La identidad culinaria del pueblo gira en torno al røgeri—las ahumaderías que han producido el famoso arenque ahumado de Bornholm durante generaciones. Las chimeneas de estos establecimientos se alzan sobre el puerto como seculares campanarios, y el aroma del humo de madera de aliso se desliza por las calles del pueblo en una presencia aromática perpetua. El clásico plato de Gudhjem—"Sol over Gudhjem" (Sol sobre Gudhjem)—coloca una yema de huevo cruda sobre arenque ahumado en pan de centeno oscuro, adornado con rábanos y cebollino, y se considera uno de los sándwiches abiertos (smørrebrød) más icónicos de Dinamarca. Esta humilde obra maestra se disfruta mejor en una mesa junto al puerto con una fría cerveza Bornholmer.

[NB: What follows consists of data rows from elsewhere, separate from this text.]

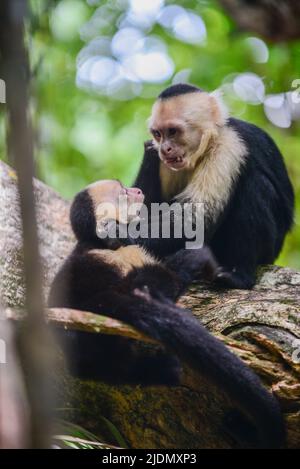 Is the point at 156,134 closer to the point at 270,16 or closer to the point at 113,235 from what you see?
the point at 113,235

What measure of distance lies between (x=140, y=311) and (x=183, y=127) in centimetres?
239

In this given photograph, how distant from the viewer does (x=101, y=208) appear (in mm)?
4523

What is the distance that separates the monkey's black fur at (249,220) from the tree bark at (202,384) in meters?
0.34

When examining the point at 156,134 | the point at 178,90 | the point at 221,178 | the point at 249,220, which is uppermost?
the point at 178,90

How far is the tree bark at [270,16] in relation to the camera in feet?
7.07

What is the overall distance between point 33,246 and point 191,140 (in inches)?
167

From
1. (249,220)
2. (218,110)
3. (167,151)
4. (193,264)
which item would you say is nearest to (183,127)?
(167,151)

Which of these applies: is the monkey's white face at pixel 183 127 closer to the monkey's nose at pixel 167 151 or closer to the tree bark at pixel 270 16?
the monkey's nose at pixel 167 151

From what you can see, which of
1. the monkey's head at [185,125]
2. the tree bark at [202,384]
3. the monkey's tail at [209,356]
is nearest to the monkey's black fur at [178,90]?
the monkey's head at [185,125]

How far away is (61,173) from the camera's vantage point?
9.68 metres
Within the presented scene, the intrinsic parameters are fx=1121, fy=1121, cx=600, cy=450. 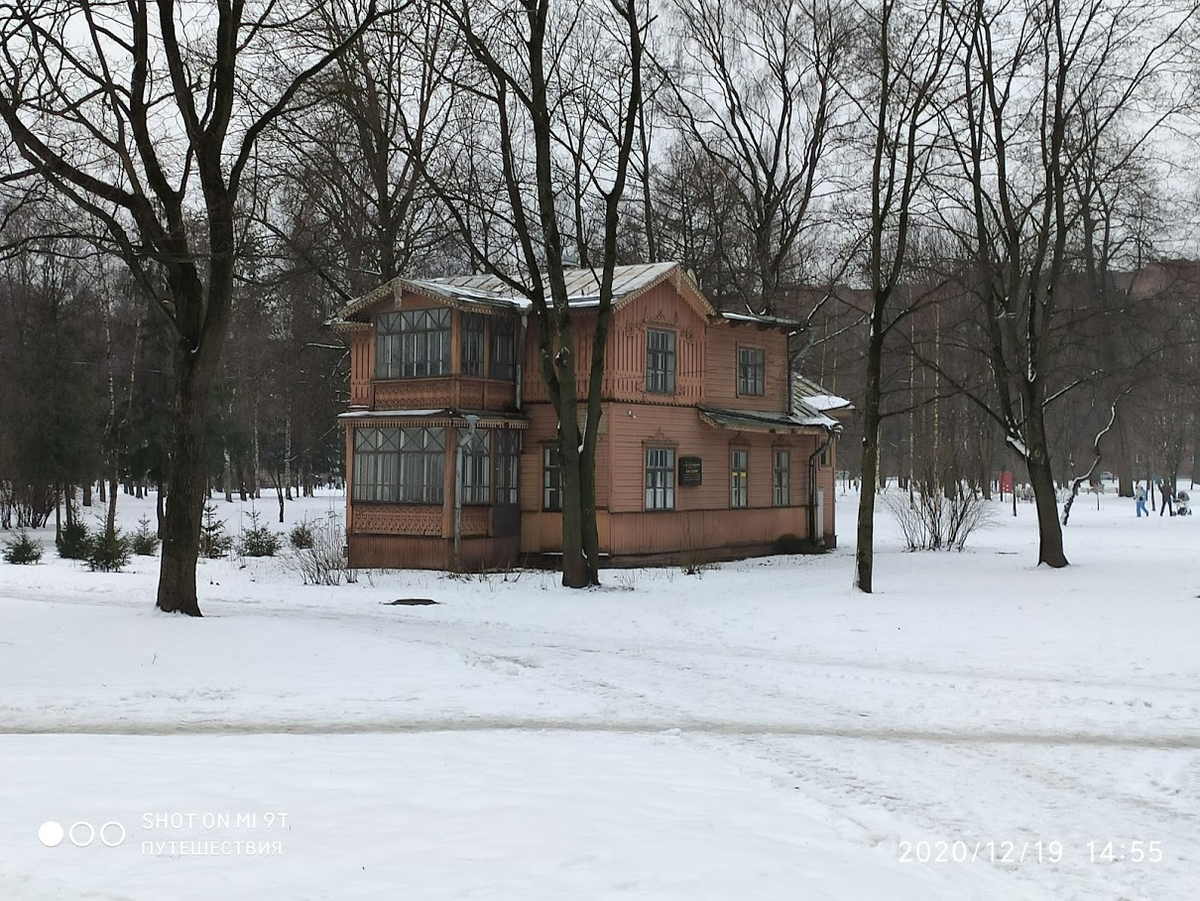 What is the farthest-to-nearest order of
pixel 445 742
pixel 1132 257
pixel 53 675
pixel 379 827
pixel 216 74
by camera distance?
pixel 1132 257, pixel 216 74, pixel 53 675, pixel 445 742, pixel 379 827

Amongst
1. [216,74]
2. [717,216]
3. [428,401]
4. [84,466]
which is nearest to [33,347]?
[84,466]

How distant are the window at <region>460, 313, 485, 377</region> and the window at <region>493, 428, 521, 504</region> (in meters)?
Result: 1.55

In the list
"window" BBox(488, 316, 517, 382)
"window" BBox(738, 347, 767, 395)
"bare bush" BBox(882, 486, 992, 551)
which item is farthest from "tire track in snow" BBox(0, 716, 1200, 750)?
"bare bush" BBox(882, 486, 992, 551)

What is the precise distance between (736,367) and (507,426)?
23.5ft

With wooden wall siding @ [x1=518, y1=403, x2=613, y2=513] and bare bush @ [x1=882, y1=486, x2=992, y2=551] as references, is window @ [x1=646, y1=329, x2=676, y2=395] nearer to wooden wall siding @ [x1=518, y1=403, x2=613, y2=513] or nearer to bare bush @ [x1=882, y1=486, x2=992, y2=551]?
wooden wall siding @ [x1=518, y1=403, x2=613, y2=513]

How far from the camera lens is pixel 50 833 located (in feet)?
18.4

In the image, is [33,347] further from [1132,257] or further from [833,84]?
[1132,257]

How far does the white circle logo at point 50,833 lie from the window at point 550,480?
66.6ft

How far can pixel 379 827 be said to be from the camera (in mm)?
6027

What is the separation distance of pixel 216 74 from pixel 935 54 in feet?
40.5

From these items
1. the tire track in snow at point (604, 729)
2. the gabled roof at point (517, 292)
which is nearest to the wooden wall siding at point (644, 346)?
the gabled roof at point (517, 292)

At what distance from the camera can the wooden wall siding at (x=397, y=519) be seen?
25.0 meters

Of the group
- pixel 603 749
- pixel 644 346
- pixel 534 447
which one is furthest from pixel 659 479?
pixel 603 749

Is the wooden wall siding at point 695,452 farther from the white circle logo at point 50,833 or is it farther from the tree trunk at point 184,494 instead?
the white circle logo at point 50,833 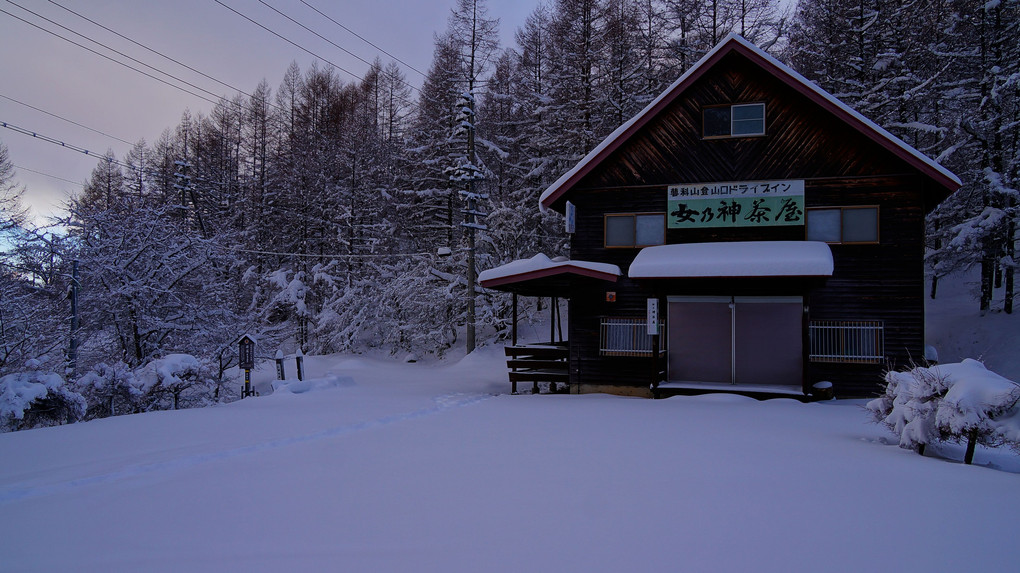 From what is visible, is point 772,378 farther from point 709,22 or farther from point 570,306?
point 709,22

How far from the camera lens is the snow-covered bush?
6272mm

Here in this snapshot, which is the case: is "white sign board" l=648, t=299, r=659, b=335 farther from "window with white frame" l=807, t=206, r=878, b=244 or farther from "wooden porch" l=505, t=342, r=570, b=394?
"window with white frame" l=807, t=206, r=878, b=244

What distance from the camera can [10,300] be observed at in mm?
13586

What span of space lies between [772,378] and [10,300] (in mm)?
18911

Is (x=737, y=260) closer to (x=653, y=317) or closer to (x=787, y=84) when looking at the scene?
(x=653, y=317)

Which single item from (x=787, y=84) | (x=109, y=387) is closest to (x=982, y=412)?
(x=787, y=84)

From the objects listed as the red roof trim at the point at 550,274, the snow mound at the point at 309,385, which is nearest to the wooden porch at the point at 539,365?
the red roof trim at the point at 550,274

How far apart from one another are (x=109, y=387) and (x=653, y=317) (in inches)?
469

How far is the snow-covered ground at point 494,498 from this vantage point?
390 centimetres

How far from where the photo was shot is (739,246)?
1437 centimetres

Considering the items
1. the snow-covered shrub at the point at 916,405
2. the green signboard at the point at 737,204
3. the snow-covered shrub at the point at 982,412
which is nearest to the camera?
the snow-covered shrub at the point at 982,412

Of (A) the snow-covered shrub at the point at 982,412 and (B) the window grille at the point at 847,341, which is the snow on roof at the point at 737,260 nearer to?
(B) the window grille at the point at 847,341

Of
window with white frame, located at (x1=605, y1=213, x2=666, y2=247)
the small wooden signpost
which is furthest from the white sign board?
the small wooden signpost

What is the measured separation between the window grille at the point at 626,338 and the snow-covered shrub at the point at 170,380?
9854mm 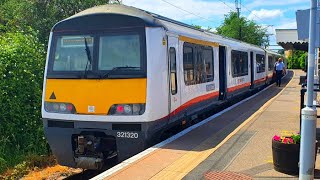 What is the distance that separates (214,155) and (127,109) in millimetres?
1752

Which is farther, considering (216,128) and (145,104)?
(216,128)

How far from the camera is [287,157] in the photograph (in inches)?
240

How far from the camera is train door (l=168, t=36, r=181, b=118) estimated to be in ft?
27.6

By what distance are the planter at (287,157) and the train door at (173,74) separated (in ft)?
9.06

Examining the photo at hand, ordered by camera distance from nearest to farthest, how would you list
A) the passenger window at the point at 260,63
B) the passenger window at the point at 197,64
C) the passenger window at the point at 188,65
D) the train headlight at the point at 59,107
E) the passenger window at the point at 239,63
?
the train headlight at the point at 59,107, the passenger window at the point at 188,65, the passenger window at the point at 197,64, the passenger window at the point at 239,63, the passenger window at the point at 260,63

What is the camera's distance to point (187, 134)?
9.23 metres

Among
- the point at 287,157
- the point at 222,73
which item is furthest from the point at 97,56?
the point at 222,73

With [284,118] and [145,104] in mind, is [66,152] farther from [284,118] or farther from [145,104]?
[284,118]

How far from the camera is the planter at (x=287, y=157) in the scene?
6004 mm

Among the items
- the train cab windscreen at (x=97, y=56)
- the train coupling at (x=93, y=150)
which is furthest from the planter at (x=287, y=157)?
the train coupling at (x=93, y=150)

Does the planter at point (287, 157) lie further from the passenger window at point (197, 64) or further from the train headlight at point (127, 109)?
the passenger window at point (197, 64)

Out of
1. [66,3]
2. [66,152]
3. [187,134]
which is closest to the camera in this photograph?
[66,152]

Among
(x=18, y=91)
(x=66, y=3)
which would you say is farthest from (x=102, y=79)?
(x=66, y=3)

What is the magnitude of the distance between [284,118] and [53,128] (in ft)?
23.2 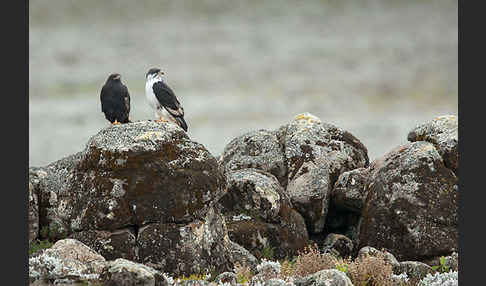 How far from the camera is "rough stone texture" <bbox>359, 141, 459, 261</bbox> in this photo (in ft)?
63.1

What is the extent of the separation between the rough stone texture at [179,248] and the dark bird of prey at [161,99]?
4.95 m

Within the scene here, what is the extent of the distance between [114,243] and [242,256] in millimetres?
3556

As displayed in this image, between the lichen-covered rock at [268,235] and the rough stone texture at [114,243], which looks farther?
the lichen-covered rock at [268,235]

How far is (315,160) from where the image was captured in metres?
23.0

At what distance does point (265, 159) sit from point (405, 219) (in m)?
5.58

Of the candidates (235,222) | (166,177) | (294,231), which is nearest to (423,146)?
(294,231)

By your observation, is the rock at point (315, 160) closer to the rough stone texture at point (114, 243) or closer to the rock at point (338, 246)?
the rock at point (338, 246)

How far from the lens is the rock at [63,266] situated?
13.5 metres

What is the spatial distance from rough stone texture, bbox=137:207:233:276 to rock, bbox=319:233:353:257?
4798 millimetres

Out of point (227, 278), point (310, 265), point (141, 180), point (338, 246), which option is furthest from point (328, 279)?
point (338, 246)

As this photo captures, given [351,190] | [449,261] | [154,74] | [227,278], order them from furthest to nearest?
[351,190] → [154,74] → [449,261] → [227,278]

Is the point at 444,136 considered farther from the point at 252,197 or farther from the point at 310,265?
the point at 310,265

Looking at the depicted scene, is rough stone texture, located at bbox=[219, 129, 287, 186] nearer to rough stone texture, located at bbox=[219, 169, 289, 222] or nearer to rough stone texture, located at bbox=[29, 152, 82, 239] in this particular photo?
rough stone texture, located at bbox=[219, 169, 289, 222]

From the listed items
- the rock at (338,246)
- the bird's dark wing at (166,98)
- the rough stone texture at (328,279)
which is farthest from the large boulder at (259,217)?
the rough stone texture at (328,279) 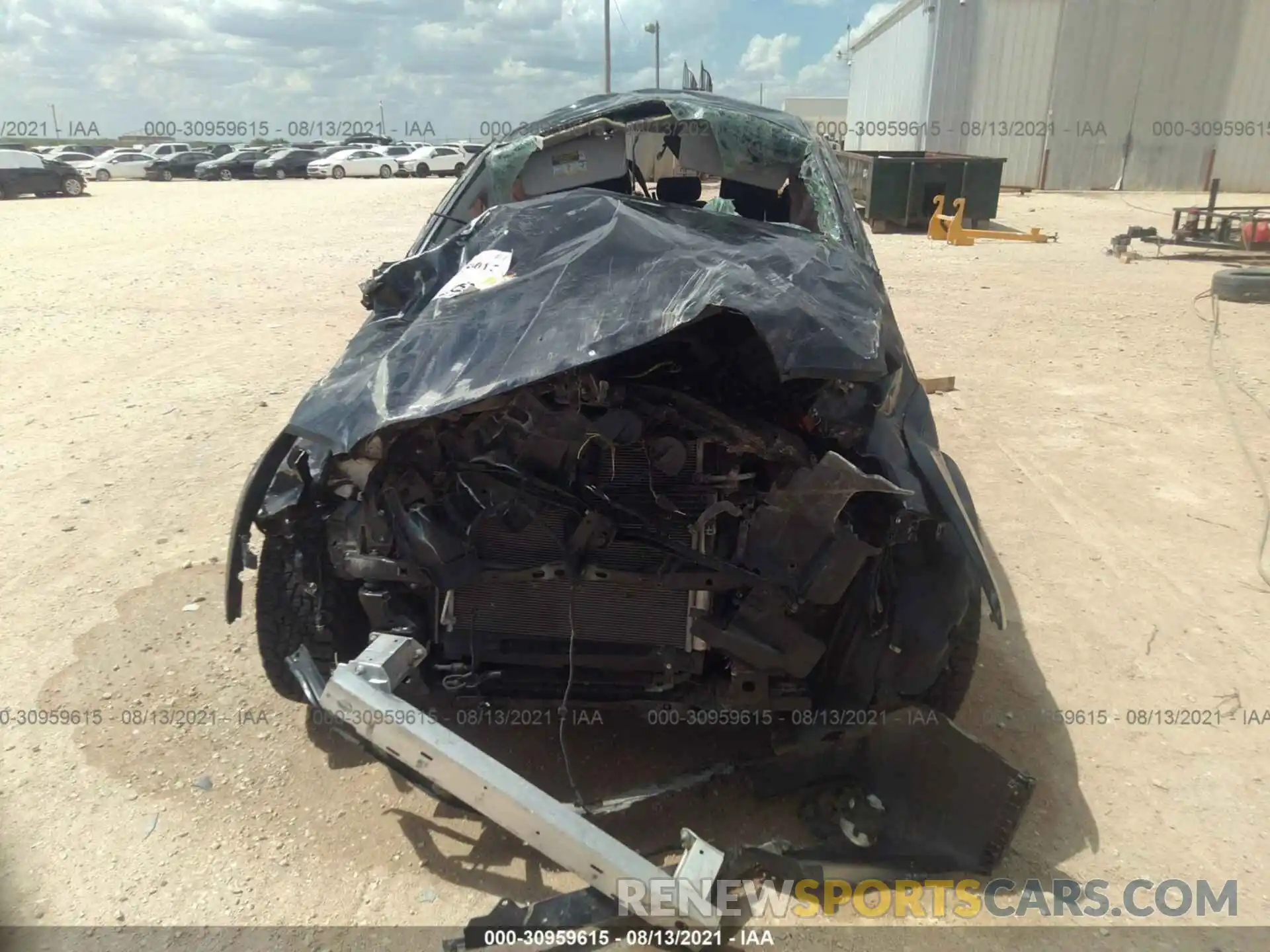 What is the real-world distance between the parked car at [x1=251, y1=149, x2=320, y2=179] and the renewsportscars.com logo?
3536 cm

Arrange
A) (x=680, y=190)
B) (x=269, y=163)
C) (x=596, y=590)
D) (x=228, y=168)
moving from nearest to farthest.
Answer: (x=596, y=590) → (x=680, y=190) → (x=228, y=168) → (x=269, y=163)

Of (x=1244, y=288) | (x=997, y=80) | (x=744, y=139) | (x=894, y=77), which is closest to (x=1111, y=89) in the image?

El pueblo ha atraído a artistas desde la década de 1850, cuando la Escuela de pintores de Bornholm descubrió la extraordinaria luz y los paisajes de la isla. Varias galerías y estudios continúan esta tradición, exhibiendo tanto obras históricas como la producción de artistas contemporáneos que han elegido la comunidad creativa de Bornholm sobre la anonimidad de las grandes ciudades. El Museo Oluf Høst, dedicado al querido pintor de Bornholm, ocupa su antigua casa y estudio con vistas a Gudhjem, mostrando los paisajes y escenas del puerto que le valieron el reconocimiento como uno de los mejores artistas daneses del siglo XX.
Los pequeños cruceros y los barcos de expedición anclan en la bahía, ofreciendo un servicio de lancha hacia el puerto. El pueblo es lo suficientemente compacto como para explorarse a pie en una hora, pero la costa circundante recompensa una exploración más prolongada: los Helligdomsklipperne (Acantilados del Santuario) al norte de Gudhjem presentan formaciones rocosas dramáticas accesibles a través de senderos costeros o barcos turísticos. Las cercanas iglesias redondas de Bornholm—iglesias fortificadas medievales únicas de la isla—ofrecen fascinantes excursiones de medio día. De junio a agosto, se disfruta del clima más cálido y los días más largos, con las semanas de mediados de verano brindando las luminosas veladas que han atraído a artistas y admiradores a Gudhjem durante más de un siglo y medio.